Shirazeh Houshiary: The eye fell in love with the ear
By: Sola Agustsson
Shirazeh Houshiary asks the crowd how many colors we think she uses in the paintings and sculptures in her latest exhibit, “The Eye Fell in Love with the Ear,” open now at Lehmann Maupin Gallery in New York.
Someone guesses 24, another person 13, and lastly a young boy says “Nine.” He is the closest. Houshiary says she only uses five colors, although by looking at the spectrum in her DNA helix sculptures and colossal, intricately woven paintings, you’d think there were hundreds.
The Iranian born artist has a kind of extrasensory way of envisioning art. Her monochromatic paintings are deceptively minimalist, yet so exquisitely crafted that they are in reality, maximalist. Pieces of thread intertwined in large-scale paintings make her work elaborately detailed, yet organic, like the design of the human eye.
Houshiary conceives of her work aerially, that is as though she is playing God: she wants her work to be an extension of nature. Echo, a multi-textured piece, appears as an aqueous map of the ocean floor.
She seeks to examine the relationship between the specific and the general, seeing and sensing patterns that appear in streams, skies and sand. In her work she likes to capture the process of forming and deforming, the inevitable activity of life and decay.
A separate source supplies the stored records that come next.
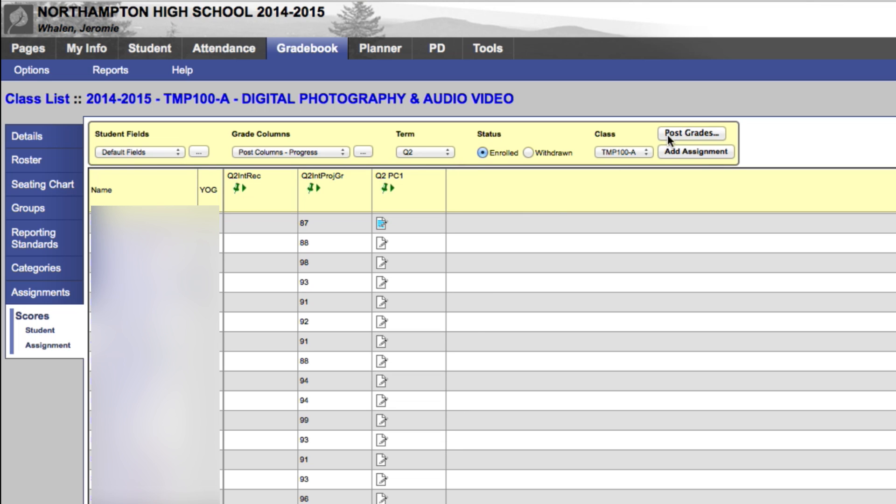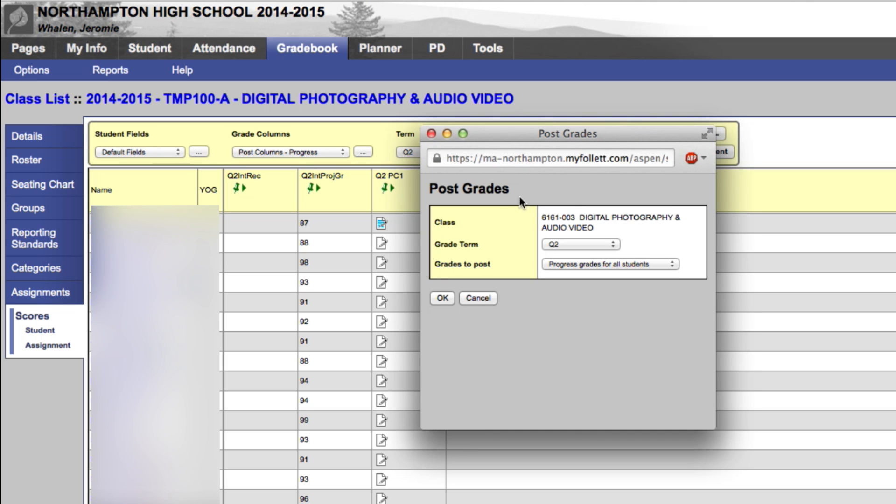The last thing that we do is go to Post Grades. Here we'll have the class that it's for, our quarter, and our grades to post. Hitting OK will actually post the grades.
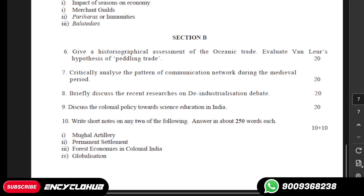Question eight is: briefly discuss the recent researchers on the industrialization debate. Question nine is: discuss the colonial policy towards science education in India. And question ten is: write short notes on any two of the following in about 250 words each — Mughal artillery, permanent settlement, forest economies in colonial India, and globalization.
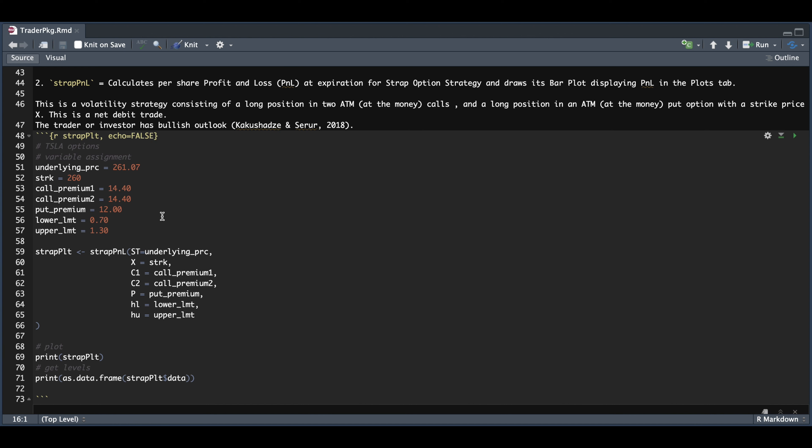Now the upper and lower limits are the percentages to be used on the graph. So I set these to 0.70 or 30% below our current price, and also 30% above.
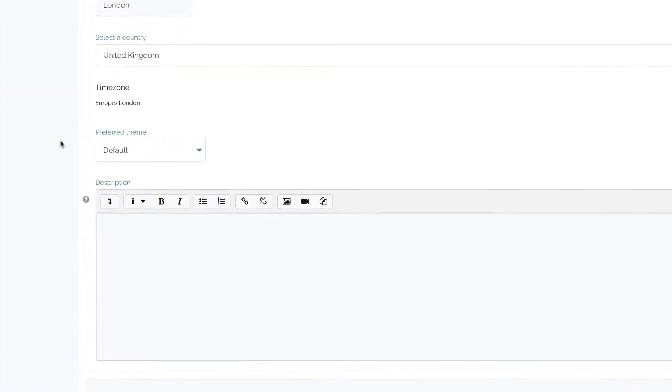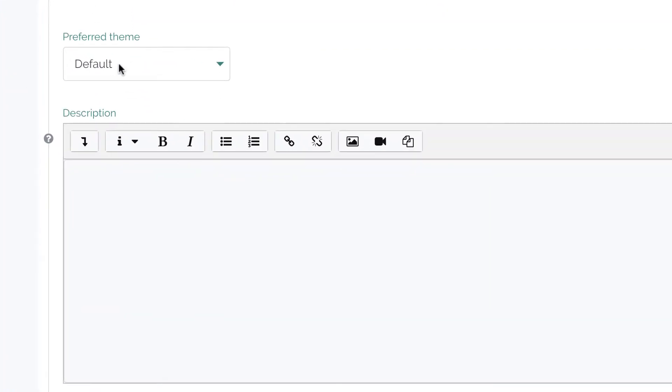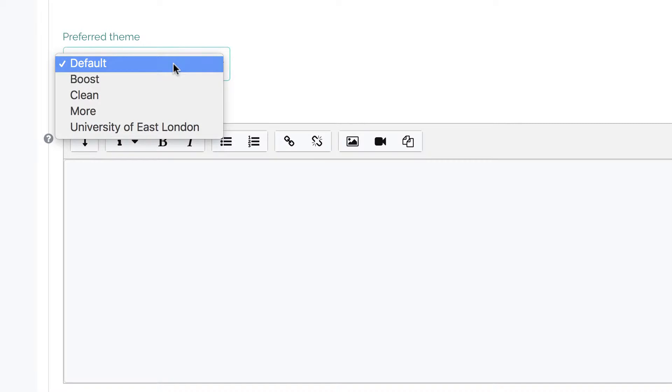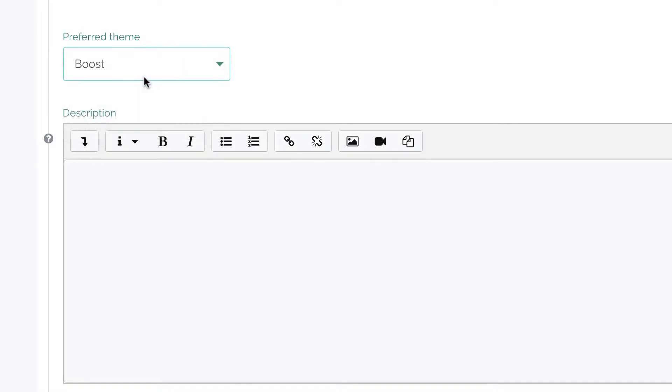Under Preferred Theme, you can use the drop down menu to select a different theme.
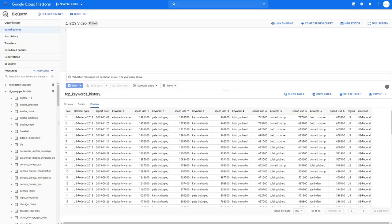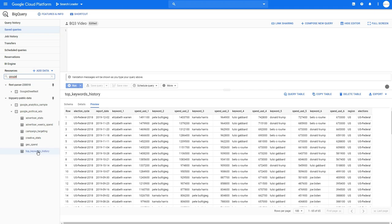Let's learn some basics today. Let's start with the count function, which is very easy but you can use it in various different situations. I will show you this on a dataset from Google Political Ads from the BigQuery public dataset. If you don't know how to get access to this public data in BigQuery, you can watch my other videos where I describe this in detail. Just click on this table and you can query it.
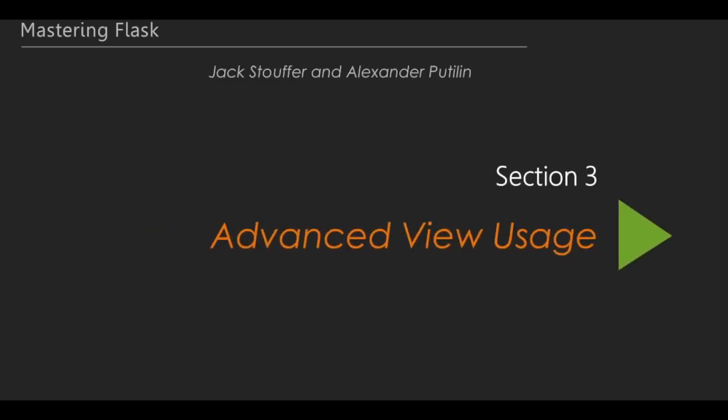Hello everyone and welcome back! In the last section, we introduced the Python library SQLAlchemy and saw how it could be used to radically simplify querying the database in our application. This is the start of Section 3, Advanced View Usage.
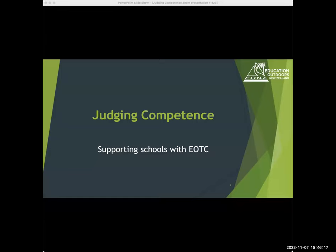I'm CE for Education Outdoors New Zealand, so a warm welcome to you for today. There'll be a few more people popping in, no doubt, but we'll get started nice and promptly. We'll leave some time at the end for questions.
Her three double-helix sculptures are organically created, as she creates the base elastic structure, but allows the objects to “choose their own shape.” She talks as though the pieces have a life of their own, like children who are born but decide their own paths. The sculptures complement and pick up the hues of her paintings, and the series looks especially interconnected looking down from the view of the second floor.
Her short film “Dust” plays with the linear Aristotelian narrative, conveying the past, present and future simultaneously. Through this lens, elements of the unseen are captured, as the viewer is able to incoherently move through time and space.